I am often asked usually by programmers - What is Data Warehousing & how do I learn it? I explain to them we use all the same tools that you do but differently. That’s when I coined the term Data Sense. It describes the essence of Data Warehousing and separates Data Warehousing from rest of Programming. Every aspect of IT from Hardware / Software infrastructure to Design, Development and QA is done with massive data flows and need for data precession accuracy and meaning.

Friday, May 16, 2008

Data Warehousing the Cloud.

Cloud Computing is the in thing today. Cloud computing is what its name says – to be able to build functional capability without overall structure – or with over all structure handled by someone else (black box computing may be apt in this case). This is different from outsourcing hardware to a data center. It is an approach to providing business functionality that aims to be faster and cheaper.

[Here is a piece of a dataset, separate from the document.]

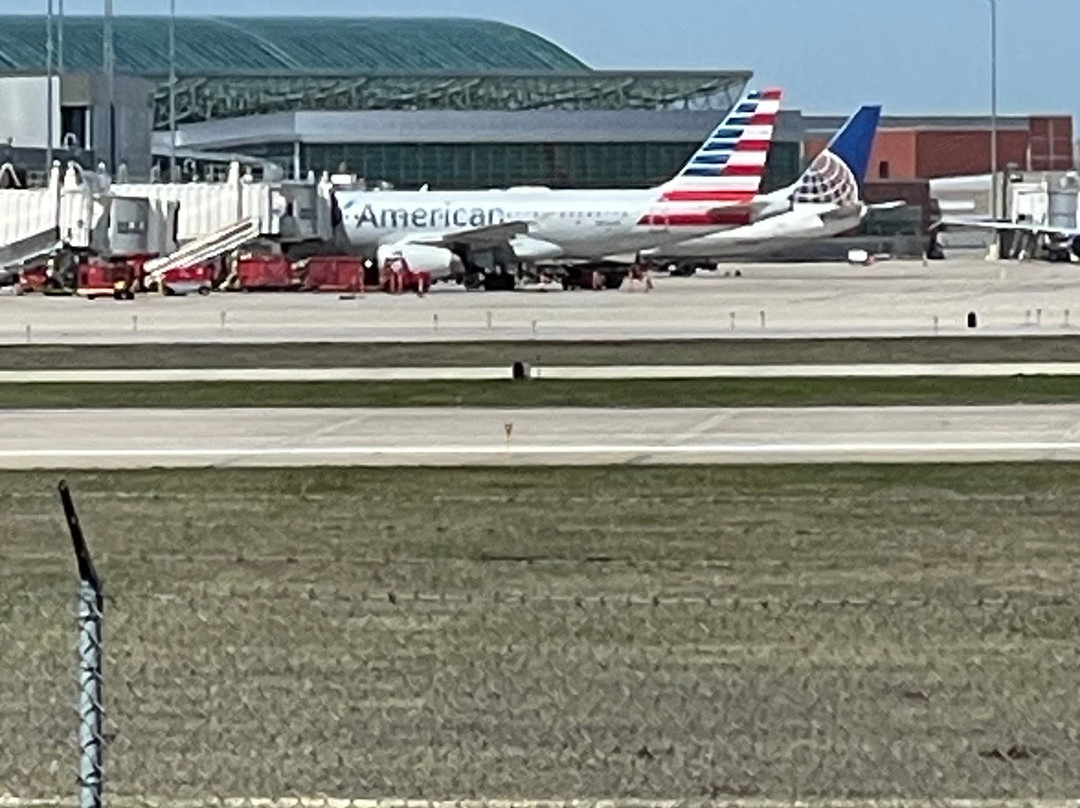 Gerald R. Ford Airport Viewing Park-大急流市必去景点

Properly structured enterprise application development will need use case analysis of business, design of a relational data model (the solution to legacy data cloud problem proposed by Codd), creation of object layer on top of relational model, and structured screens that lead user through the data entry / selection process. This structured approach ensures the data integrity, functional integrity and hence the business Integrity.

However it is also expensive – not just financially. To understand this look at what happened when structured GUI became Screen Cloud (Web). The innovation and usage skyrocketed while the cost dipped sharply when screen flowing into one another became screens with random links from page to many other pages. However the cloud concept was mostly limited to content and the applications were still structured. The Software and Hardware infrastructure was still structured.

The revolution in inception (if it comes to pass) is in the way IT hardware / software is provisioned and how that is stored to run applications and store and retrieve data. The Infrastructure cloud replaces the IT department with a black box that takes credit card and gives you incremental hardware and software resources to build your applications on. The infrastructure cloud also supports a data cloud i.e. another black box which will replace your Data Architect and DBA. All database maintenance work is automatically taken care of in cloud. The data model will be made non existent using hyper tables that support name value pairs instead of rows and columns. All the left is business logic that needs to be coded by use case in applications.

This is not a pipe dream. This is where we could end up in couple of year’s time. Or NOT. And this doesn’t have to be a failure. Most business can go back to being strict with the use cases they support in their business processes and put strict controls on the data integrity. I.e. if you call the business and if you spell your name wrong too bad you are not in our system and will not be supported. There will be no search functionality to rescue you. Since there is no structured data model in data cloud there is a possibility of different representation scheme ie variables and their relationships for different use cases even within a single application.

In summary – applications with a few use cases can be built and supported very easily and cheaply on the cloud.

Where does that leave data warehousing? We basically investigate, understand and merge data from different sources with different representation schemes (i.e. data models) into one specially designed representation scheme to support analytic efforts. We will likely continue to do that – this time integrating data from different use cases into a coherent analytic data model. That increases scope tremendously but its somewhat offset by using the cloud itself to build data warehouses assuming that the cloud has a special color (dark clouds?) to support different characteristics of Data Warehousing Loads. The ETL tools we use today have to change to support new requirements. Those changes will wait for market to firm itself.